Long, long ago, I took it as a life lesson that I must never match Poles shot-for-shot when they are drinking vodka. Unfortunately, I forgot this lesson on Friday night. It was all so merry and companionable that it never once occurred to me that there are consequences to knocking back several shots of vodka within a single hour.

"I am so drunk," Benedict Ambrose (a light sleeper) says I told him. And I definitely was. I fell asleep clutching B.A.'s hand and woke up a few hours later to be violently sick in the loo.

The next morning I was horribly, horribly, horribly ill, and had to cancel a morning coffee meeting with another young Polish friend, the Astrophysicist. Feeling utterly desperate, I asked him over the phone how to cure hangovers, and he sympathetically advised grapefruit juice, tomato juice or, if I was feeling adventurous, the juice from a jar of sauerkraut. Water, he assured me, was useless.

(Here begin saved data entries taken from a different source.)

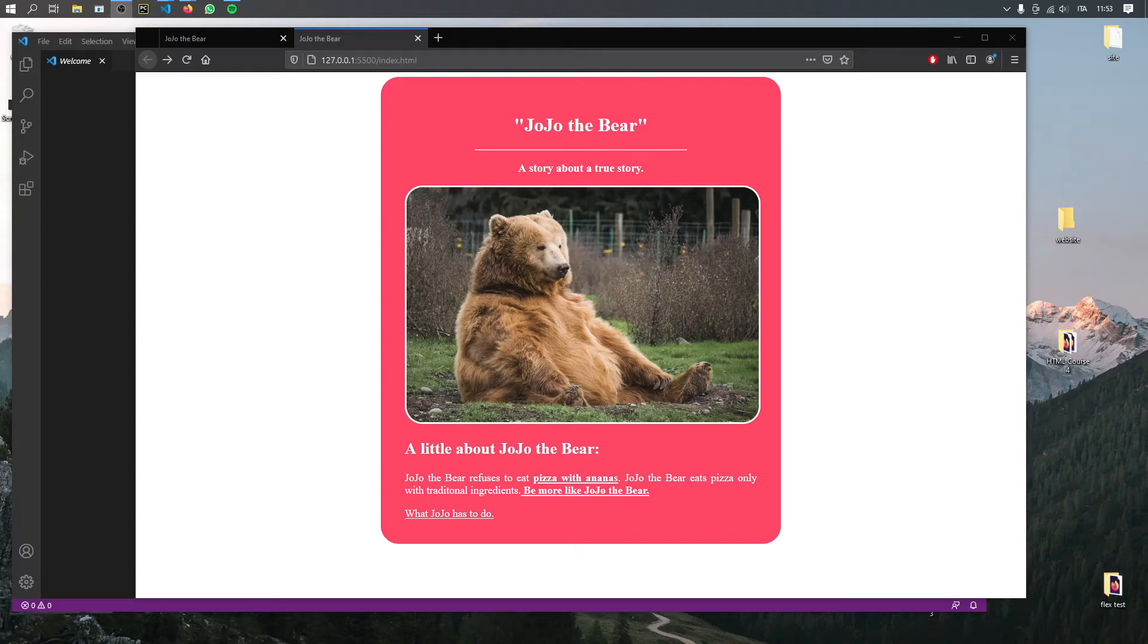What is up guys? Welcome to the third part of the full HTML course. And in this video, we'll be going over how to create this small webpage.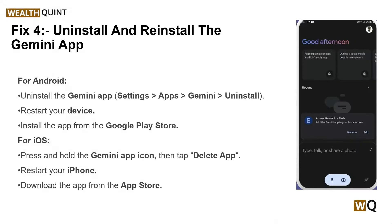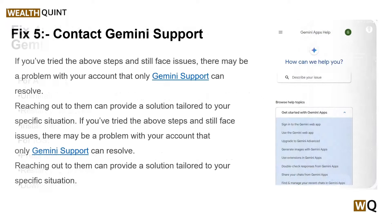Solution 4: Uninstall and reinstall the Gemini app. If the Gemini app on your device is not functioning correctly, it could be due to a corrupt installation or outdated files. Reinstalling the app can provide a fresh start, potentially resolving any issues causing the 'Gemini is not currently embedded on this account' error. For Android and iOS users, there are simple steps to help you uninstall and reinstall the app. If you have tried all the above steps and still face issues, it may be a problem with the account details, and it's time to contact the Gemini support page.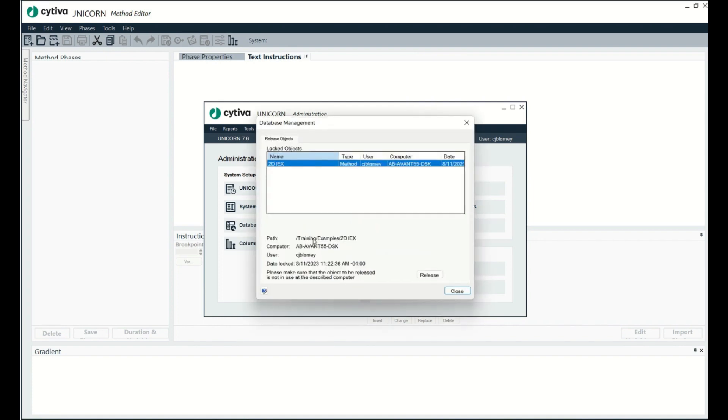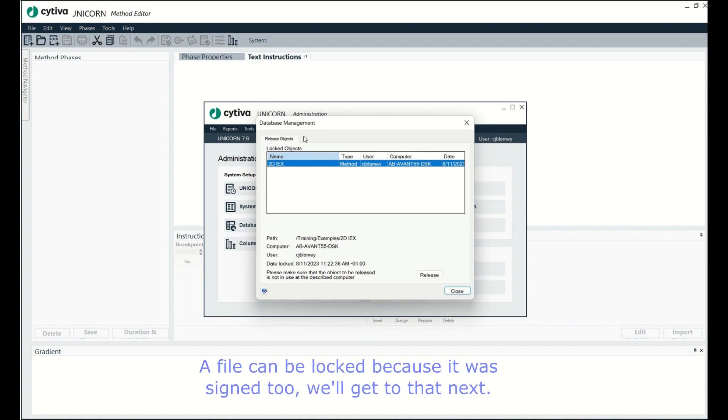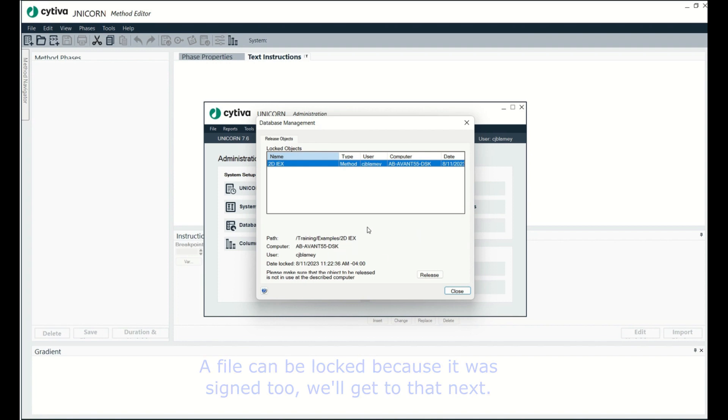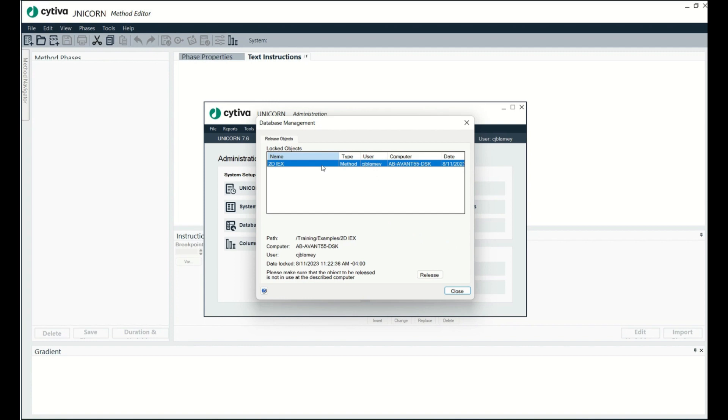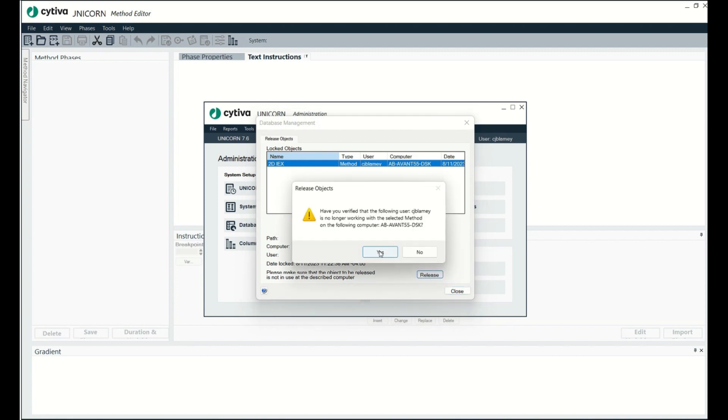Now what this does is it shows me all the files that are locked. A file could be locked because someone else is currently busy editing it, but I know for a fact that I am not editing this file right now. This is a different computer than I'm using, but I know I'm not over there editing right now because I finished working on this on Friday and I haven't been over to my computer. So all I'm going to do is highlight the file and click this button, release.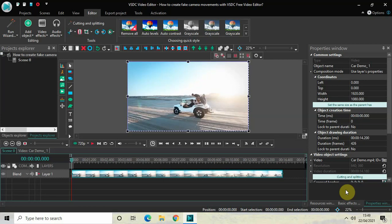Hey guys, welcome back to Next Gen Blogger. In this video, I want to show you how you can create fake camera movements with VSDC Free Video Editor. It's actually super easy to create fake camera movements in your video with VSDC, so without further delay let's get started.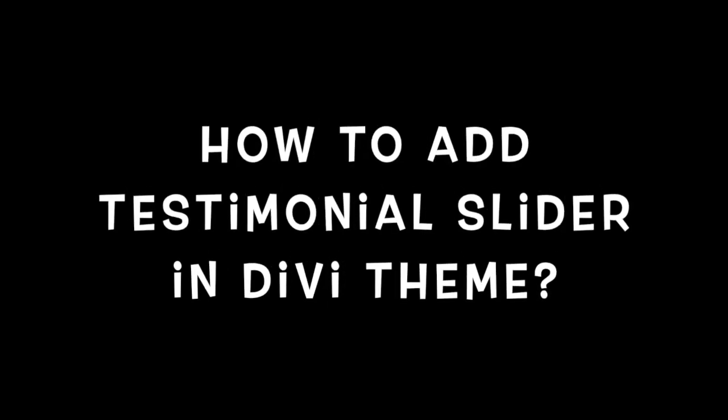Hello friends, welcome to our YouTube channel. In this video, I'm going to show you how to add a testimonial slider in the Divi theme. Let's get into the video tutorial. Go to your WordPress dashboard.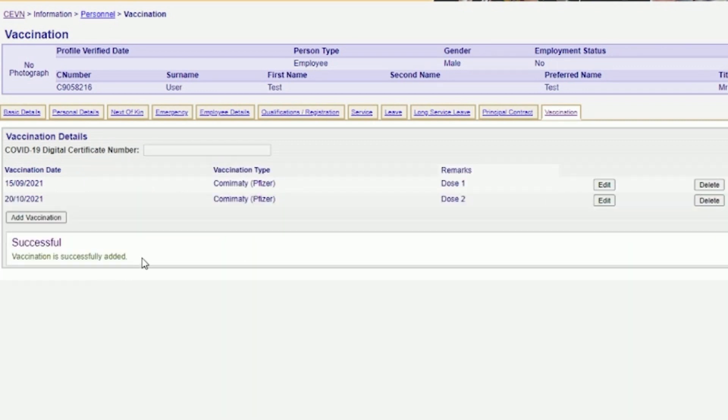To log out of the personnel record system, you need to click Log Out at the top right of the screen.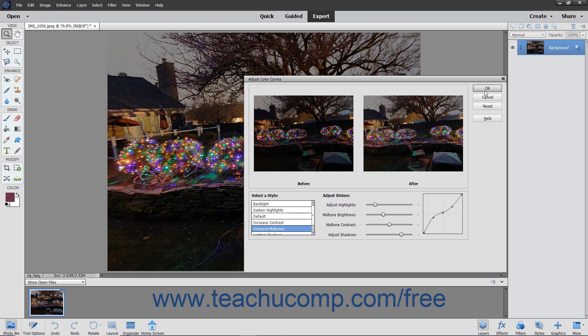Click the OK button when you get the results you want or click the Cancel button to close the dialog box without applying your changes.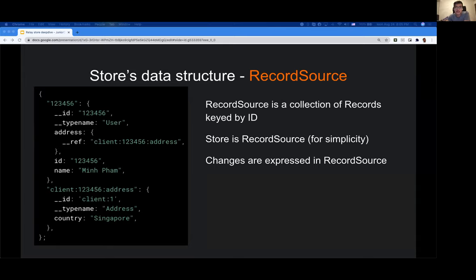This data structure has another significant property: because there can be changes to the data store, all changes made to the store are expressed in terms of the record source. Whether you're fetching new data, updating some data, or performing an optimistic mutation, the results will be normalized into this dictionary-like structure before being submitted to the data store.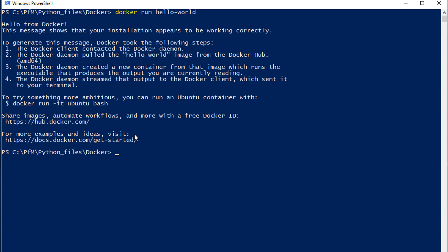If this is your first time running it, it will say something like 'Unable to find hello-world locally, so pulling it from the library.' Don't worry if you see that message — you should see it if it's your first time running 'docker run hello-world'. Once the image is downloaded, the next time you run the container it doesn't have to download it again. The first time is a bit slow because it has to download the image from the repository, but subsequent runs are much faster.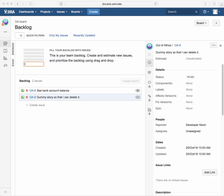The other thing I wanted to point out is that in this backlog that we have here, we're starting to see all these issues. These are at this point all stories. The ones that have an estimate over here where we have this gray little rounded thingy, you can see I had put in an estimate of eight and that's where it is right there. Whereas the dummy story so that I can delete it doesn't have any estimate at all.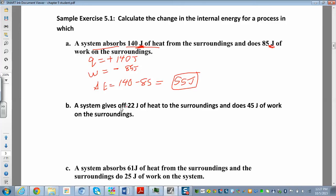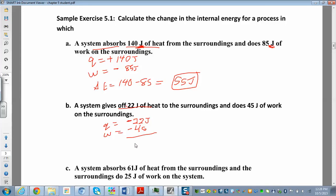Example 2: A system gives off 22 joules of heat to the surroundings and does 45 joules of work on the surroundings. The system is losing heat, so Q is negative 22 joules. The system is doing work, so W is negative 45 joules. Adding those up gives delta E equals negative 67 joules.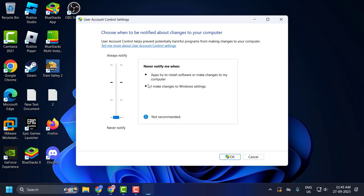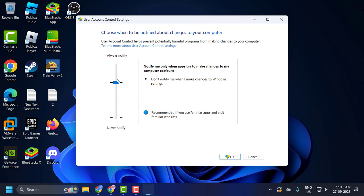You just need to click on this option. If you drag the slider to the bottom, you get 'Never notify me when apps try to install software or make changes to my computer' — this is not the recommended option. If you drag it to the top, that is the second option.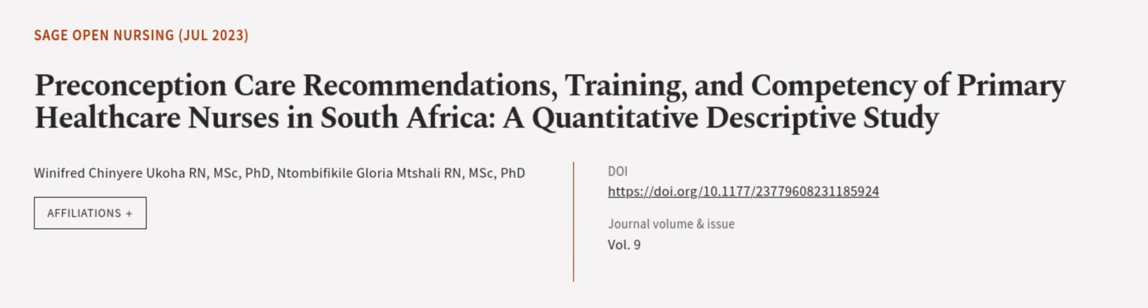This article was authored by Winifred Chinurukoha RN, MSc, PhD, and Ntombifical Glorium Tshali RN, MSc, PhD.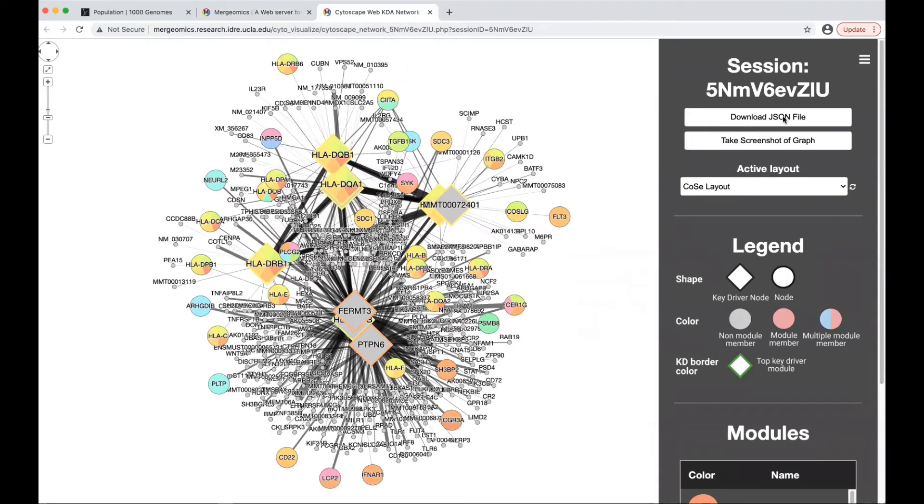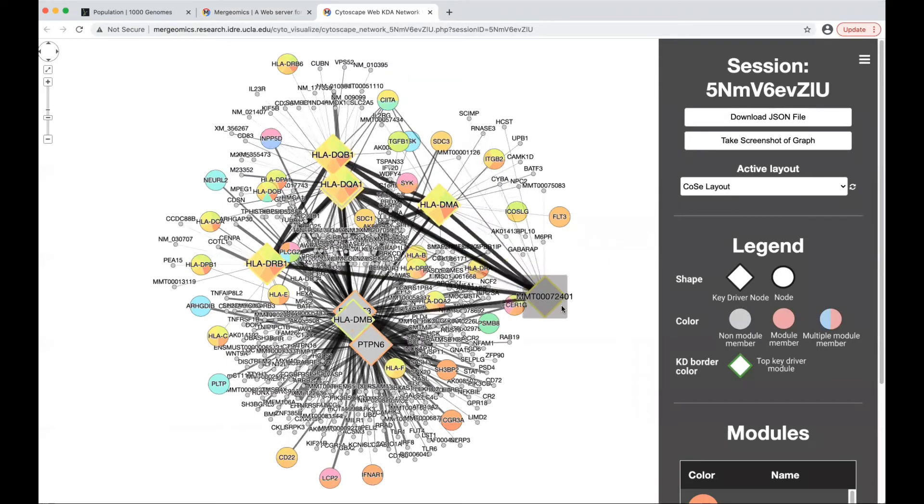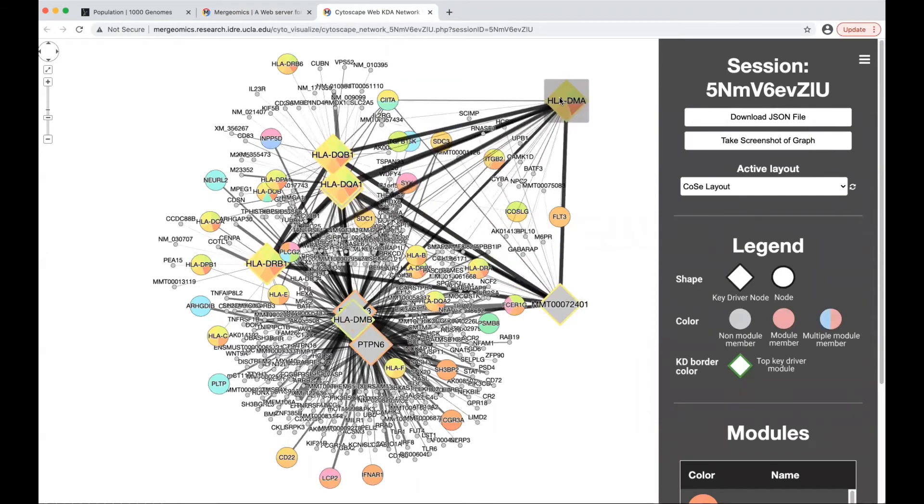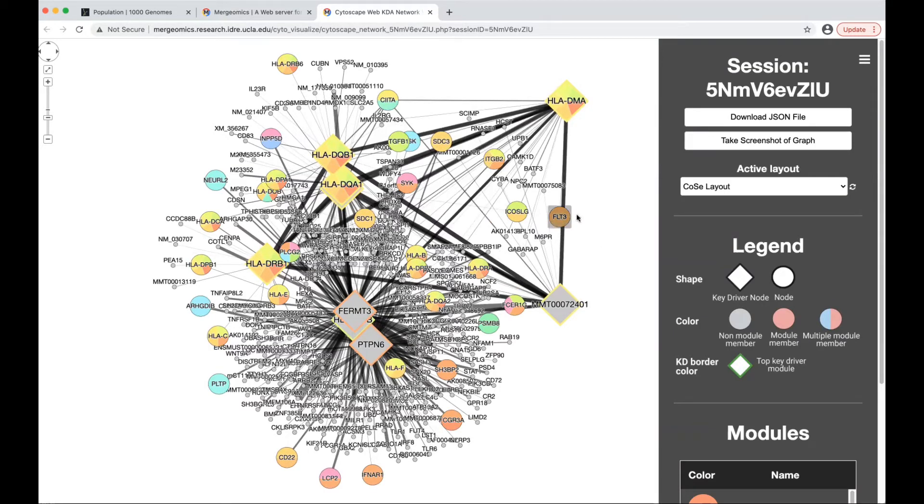This new tab will provide the visualization of your network. You'll have the ability to download the JSON file, take a screenshot of the graph, but you'll also have a legend here that will signify what each of these shapes and colors represent, where the diamond shape signifies a key driver node, and the circular shape represents just a given node.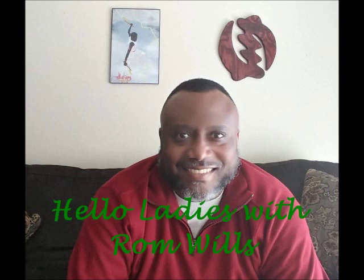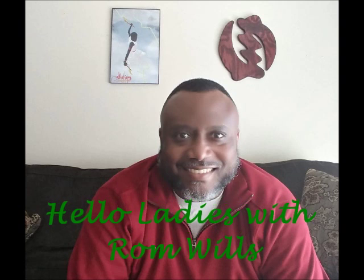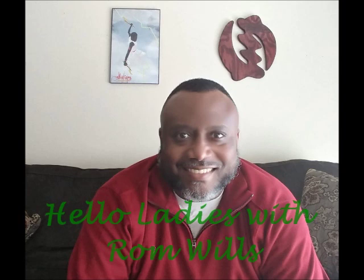Rom Wills is a speaker and author of several books on relationships. Grab some wine, sit back, and enjoy.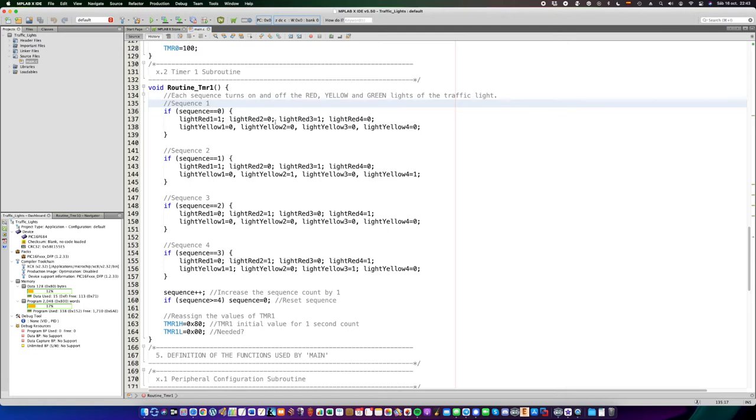Each sequence determines the microcontroller which lights has to be turned on and off. For example, sequence 1 is about the red lights on one street to turn on, and the green lights, all the green lights are turned off.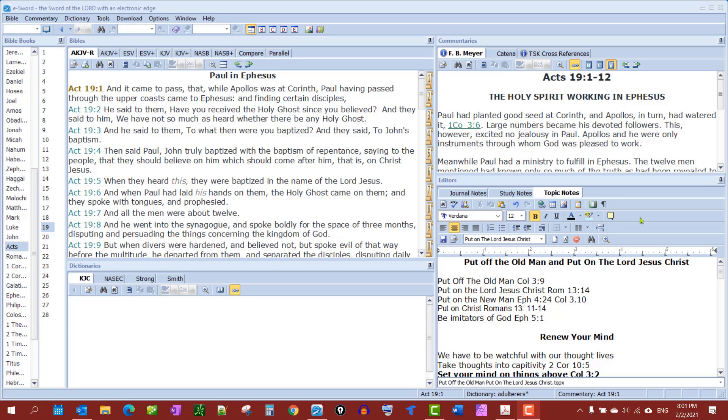In this video I'm going to show you how to link scriptures in your notes so when you hover over the scripture you can get a pop-up showing you what the verses are.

I was already beginning to suspect this, so I put on my coat to go out with B.A. to get some grapefruit juice, but then felt so ill again that I merely collapsed into bed. B.A. bravely went out for the grapefruit juice by himself. Fortunately "grapefruit juice" in Poland is called "nektar grejpfrut", so B.A. found it without any trouble. I got some into my stomach and then slept, facedown, in my coat for an hour, and then woke up and was miraculously able to head out with B.A. to our noon lunch appointment.

To be continued...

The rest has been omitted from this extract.